▶ _Action item_
From the data below, copy exactly the lines that lie between the one holding "Volkswagen Taigo 1.0 tsi r-line 115cv dsg" and the one holding "10 Snowflake Lane, Edison, NJ 08820", including both, and nothing more.

+++

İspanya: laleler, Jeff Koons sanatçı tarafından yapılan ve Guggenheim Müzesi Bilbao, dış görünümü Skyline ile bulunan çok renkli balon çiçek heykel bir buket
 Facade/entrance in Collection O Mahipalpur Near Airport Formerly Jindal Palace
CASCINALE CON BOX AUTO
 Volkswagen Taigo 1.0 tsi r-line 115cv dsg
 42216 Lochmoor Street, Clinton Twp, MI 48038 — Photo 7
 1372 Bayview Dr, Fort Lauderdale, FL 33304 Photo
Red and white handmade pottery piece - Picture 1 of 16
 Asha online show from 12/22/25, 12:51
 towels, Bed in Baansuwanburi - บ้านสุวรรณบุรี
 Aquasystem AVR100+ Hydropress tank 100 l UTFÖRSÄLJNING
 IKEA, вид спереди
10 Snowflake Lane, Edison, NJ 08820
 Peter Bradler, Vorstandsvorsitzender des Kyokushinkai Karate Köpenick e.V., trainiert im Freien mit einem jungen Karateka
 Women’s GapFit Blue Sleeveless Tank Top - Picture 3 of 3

+++

▶ _Reply to the exercise_
 Volkswagen Taigo 1.0 tsi r-line 115cv dsg
 42216 Lochmoor Street, Clinton Twp, MI 48038 — Photo 7
 1372 Bayview Dr, Fort Lauderdale, FL 33304 Photo
Red and white handmade pottery piece - Picture 1 of 16
 Asha online show from 12/22/25, 12:51
 towels, Bed in Baansuwanburi - บ้านสุวรรณบุรี
 Aquasystem AVR100+ Hydropress tank 100 l UTFÖRSÄLJNING
 IKEA, вид спереди
10 Snowflake Lane, Edison, NJ 08820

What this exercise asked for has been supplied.